ENTRIES PROVIDED Start Marker

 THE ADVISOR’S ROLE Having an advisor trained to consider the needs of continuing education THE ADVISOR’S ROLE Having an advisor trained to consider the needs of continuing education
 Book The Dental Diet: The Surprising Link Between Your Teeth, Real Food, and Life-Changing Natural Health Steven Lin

ENTRIES PROVIDED End Marker
ENTRIES PROVIDED Start Marker

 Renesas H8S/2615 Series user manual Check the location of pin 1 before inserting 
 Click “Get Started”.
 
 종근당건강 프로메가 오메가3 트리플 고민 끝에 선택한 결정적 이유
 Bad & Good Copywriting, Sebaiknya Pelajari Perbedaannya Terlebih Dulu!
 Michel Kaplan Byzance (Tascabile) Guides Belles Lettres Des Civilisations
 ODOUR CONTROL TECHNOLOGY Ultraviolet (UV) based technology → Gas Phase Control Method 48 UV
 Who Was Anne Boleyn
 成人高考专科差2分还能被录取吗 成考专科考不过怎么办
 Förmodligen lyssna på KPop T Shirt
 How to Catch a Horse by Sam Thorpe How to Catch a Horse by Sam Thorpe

ENTRIES PROVIDED End Marker
ENTRIES PROVIDED Start Marker

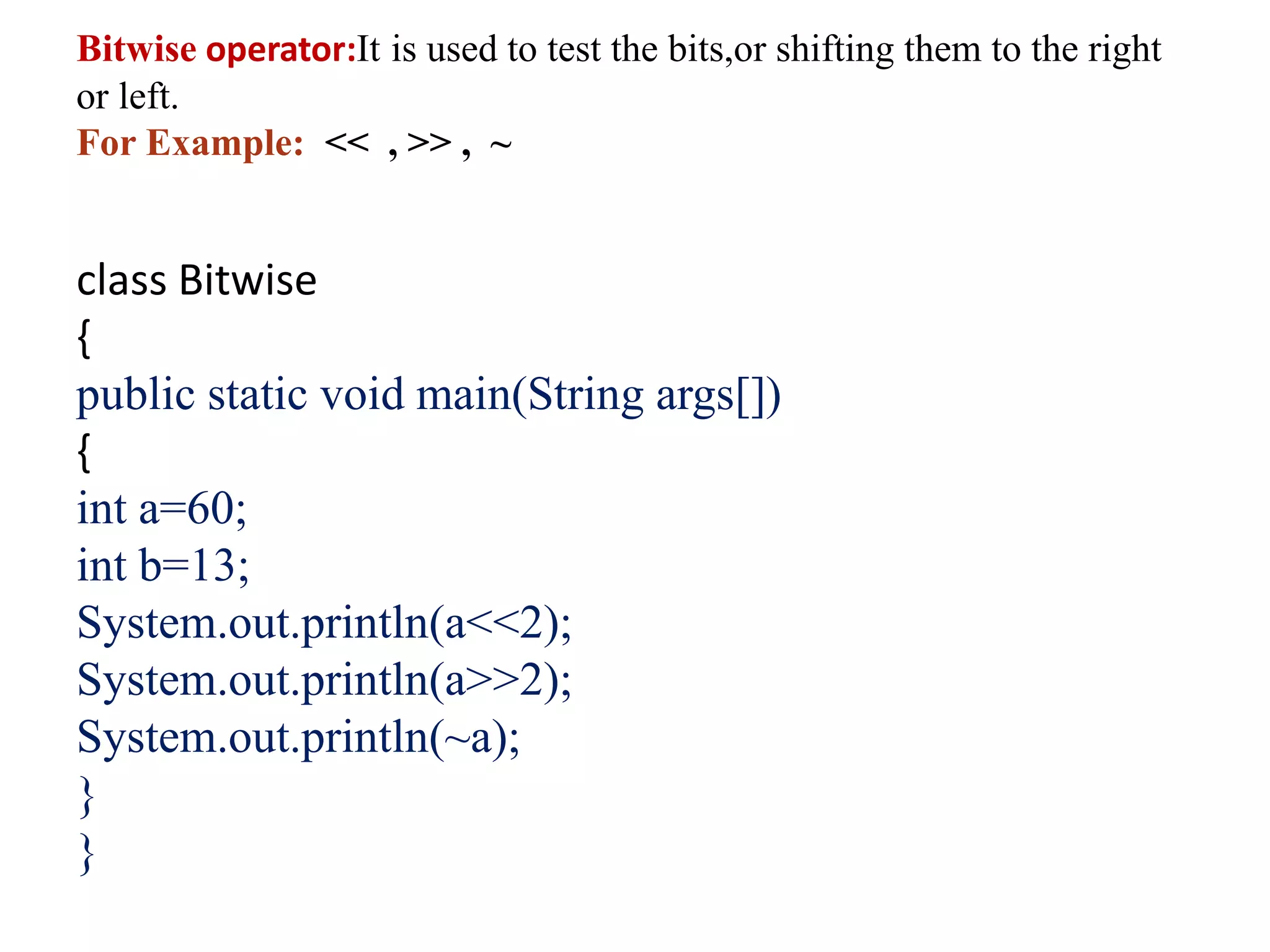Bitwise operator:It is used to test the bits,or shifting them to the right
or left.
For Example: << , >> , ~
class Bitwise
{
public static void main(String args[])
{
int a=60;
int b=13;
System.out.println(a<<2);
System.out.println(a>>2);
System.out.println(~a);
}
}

ENTRIES PROVIDED End Marker

- WHAT IS EXPECTED -
All lines in the records that contain "System" are to be copied and returned.

- RESPONSE -
System.out.println(a<<2);
System.out.println(a>>2);
System.out.println(~a);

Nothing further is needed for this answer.